# Adobe Camera Raw in CS3 and NEF files



## Heretotherephoto (Jan 17, 2010)

I just got CS3.  Seemed like a good price off ebay.  I have been shooting in raw and using the dis that came with my D90 to make some adjustments before making it into a jpeg for further editing in GIMP.  I know CS3 has a raw converter which can do a little more than the Nikon program.  Problem is it does not seem to work with an NEF file.  The help website seems to back this thought up.  Has anyone used RAW files from a Nikon which is NEF and then uploaded them to ACR in CS3?  If so how?

I am still waiting on my book to arrive so I can learn about this program.

Thanks


----------



## nemopaice (Jan 17, 2010)

I haven't used CS3, I have CS4, but I can maybe make a few suggestions. Have you checked for updates for CS3 specifically there RAW codecs. Have you tried loading them into ACR from Adobe Bridge? From bridge, double clicking the file should automatically open the NEF file into ACR, if not, Command+r on Mac and I believe CTRL+R on Windows, should open it up. 

That's what works for me. My CR2 and NEF file from both cameras open up fine. Hope it helps. If not I'd be happy to help look for a solution if nobody else has a suggestion.


----------



## Heretotherephoto (Jan 17, 2010)

Thanks I will give that a shot.  I haven;t had much time to play with it as I am on the road this week and haven't got my camera with me.  Scared of getting it damaged.

Hopefully when I get home the book will have shown up.


----------



## Big Mike (Jan 18, 2010)

It's not just a matter of .NEF files.  Every new camera model that shoots RAW, will need to have an upgrade to the ACR software.  

It's a very simple upgrade, you just download the latest version of Adobe Camera RAW from Adobe.com, then replace the previous version.


----------



## Dwig (Jan 18, 2010)

Heretotherephoto said:


> ...Has anyone used RAW files from a Nikon which is NEF and then uploaded them to ACR in CS3?  If so how?...



There are lots of different versions of NEF. Like all RAW files, except DNG, they are brand and model specific. You have to use a RAW converter that handles your camera's flavor of NEF.

First, you need to upgrade the ACR (Adobe Camera RAW) plugin. Download the newest version *that is compatible* with your PS/CS3. PS/CS3 works with the v4.x releases of ACR and not the v5.x, which are specific to PS/CS4 and some versions of PS/Elements. No release of PS/CS3 shipped with anything other than the oldest version of ACR v4.x.

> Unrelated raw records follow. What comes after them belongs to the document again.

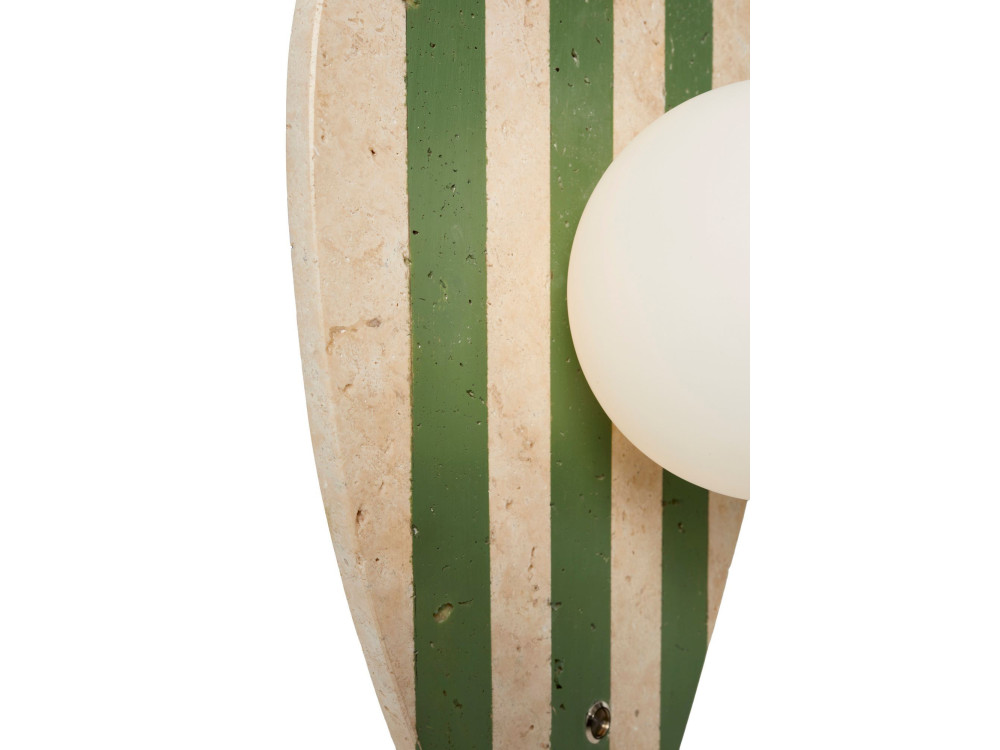 Wandleuchte aus Travertin „Espe“ – Beige / Weiß / Grün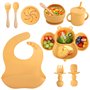 Set de vaisselle pour bébé en silicone antidérapant avec ventouse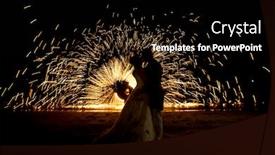  Presentation with show - Beautiful slide deck featuring fire-show-on-the-beach backdrop and a black colored foreground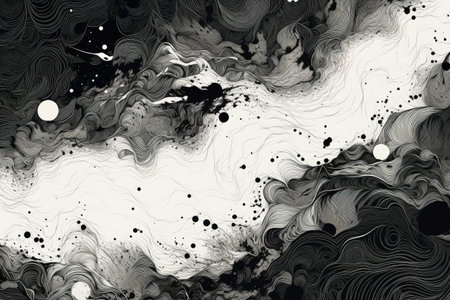 Textures in black and white inkの素材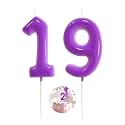 Purple Birthday Number 19 Candles Happy Birthday Cake Topper Number Candles for Birthday Party Decorations Wedding Anniversary Celebration Party Supplies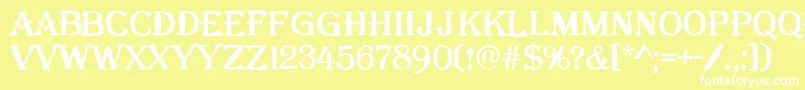 AAlgeriusblwregular Font – White Fonts on Yellow Background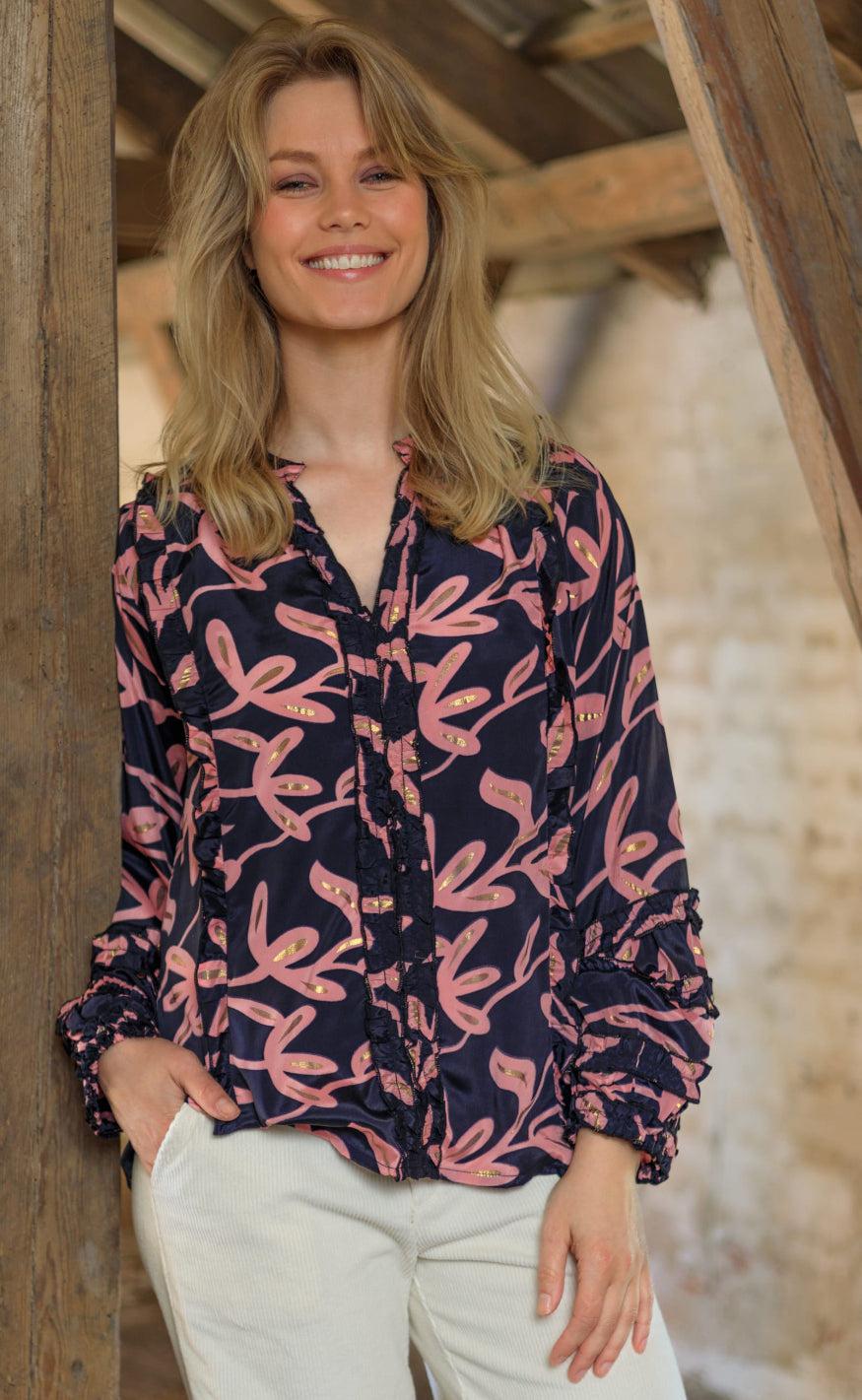 Black Colour Bluse Luna Black Passion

If your PS/CS3 with the updated ACR still won't read your NEF files it means that your camera is too new to be compatible with that older version of PS. One good (and free) solution is to download the newest version of Adobe's DNG Converter (currently v5.6). You would then use DNG Converter to convert your camera specific NEF files to Adobe's "universal" DNG RAW flavor. PS/CS3 with its ACR will then be able to open and process the DNG files. In fact, any version of PS since PS/CS with ACR v2.2 will handle the DNGs.


----------